A little beyond Mombets flows the river Osharu, one of the largest of the Hokkaido (Yezo) streams. It was much swollen by the previous day’s rain; and as the ferry-boat was carried away we had to swim it, and the swim seemed very long. Of course, we and the baggage got very wet. The coolness with which the Aino guide took to the water without giving us any notice that its broad, eddying flood was a swim, and not a ford, was very amusing.
 

From the top of a steepish ascent beyond the Osharugawa there is a view into what looks like a very lovely lake, with wooded promontories, and little bays, and rocky capes in miniature, and little heights, on which Aino houses, with tawny roofs, are clustered; and then the track dips suddenly, and deposits one, not by a lake at all, but on Usu Bay, an inlet of the Pacific, much broken up into coves, and with a very narrow entrance, only obvious from a few points. Just as the track touches the bay there is a road-post, with a prayer-wheel in it, and by the shore an upright stone of very large size, inscribed with Sanskrit characters, near to a stone staircase and a gateway in a massive stone-faced embankment, which looked much out of keeping with the general wildness of the place.

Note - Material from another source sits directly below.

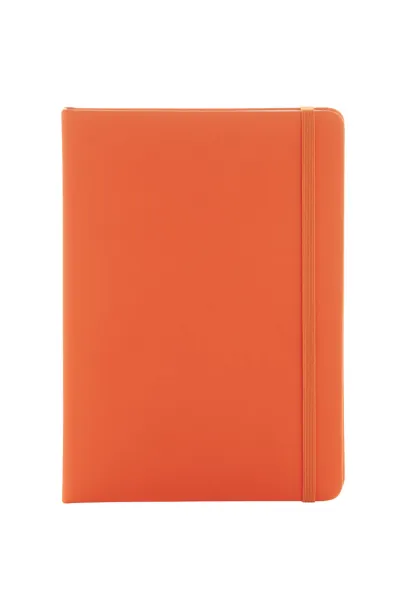 Repuk Line A5 RPU notebook Orange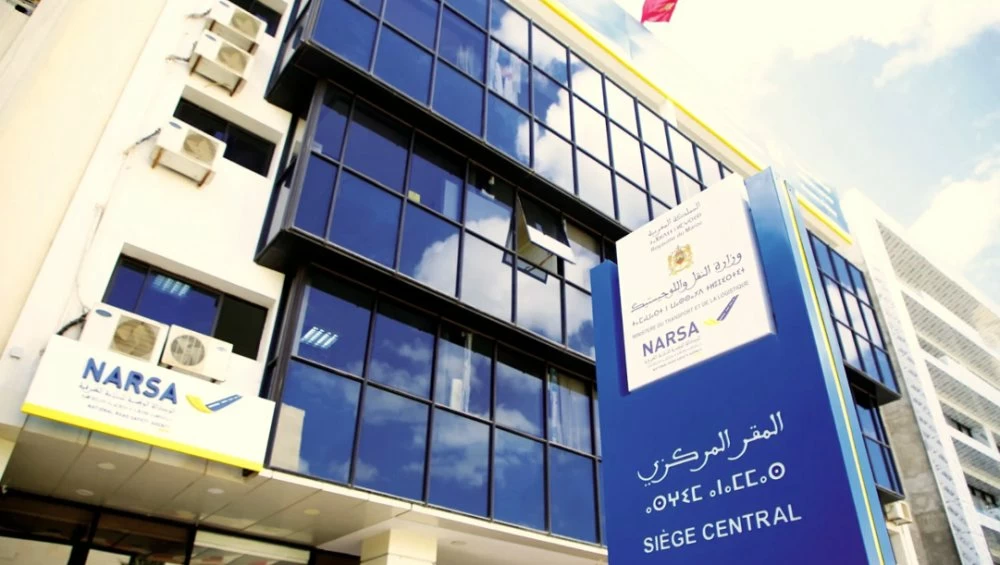 La NARSA nie l'envoi de SMS invitant les citoyens à payer des amendes routières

On a rocky promontory in a wooded cove there is a large, rambling house, greatly out of repair, inhabited by a Japanese man and his son, who are placed there to look after Government interests, exiles among 500 Ainos. From among the number of rat-haunted, rambling rooms which had once been handsome, I chose one opening on a yard or garden with some distorted yews in it, but found that the great gateway and the amado had no bolts, and that anything might be appropriated by any one with dishonest intentions; but the house-master and his son, who have lived for ten years among the Ainos, and speak their language, say that nothing is ever taken, and that the Ainos are thoroughly honest and harmless. Without this assurance I should have been distrustful of the number of wide-mouthed youths who hung about, in the listlessness and vacuity of savagery, if not of the bearded men who sat or stood about the gateway with children in their arms.
 

Usu is a dream of beauty and peace. There is not much difference between the height of high and low water on this coast, and the lake-like illusion would have been perfect had it not been that the rocks were tinged with gold for a foot or so above the sea by a delicate species of fucus. In the exquisite inlet where I spent the night, trees and trailers drooped into the water and were mirrored in it, their green, heavy shadows lying sharp against the sunset gold and pink of the rest of the bay; log canoes, with planks laced upon their gunwales to heighten them, were drawn upon a tiny beach of golden sand, and in the shadiest cove, moored to a tree, an antique and much-carved junk was “floating double.” Wooded, rocky knolls, with Aino huts, the vermilion peaks of the volcano of Usu-taki redder than ever in the sinking sun, a few Ainos mending their nets, a few more spreading edible seaweed out to dry, a single canoe breaking the golden mirror of the cove by its noiseless motion, a few Aino loungers, with their “mild-eyed, melancholy” faces and quiet ways suiting the quiet evening scene, the unearthly sweetness of a temple bell—this was all, and yet it was the loveliest picture I have seen in Japan.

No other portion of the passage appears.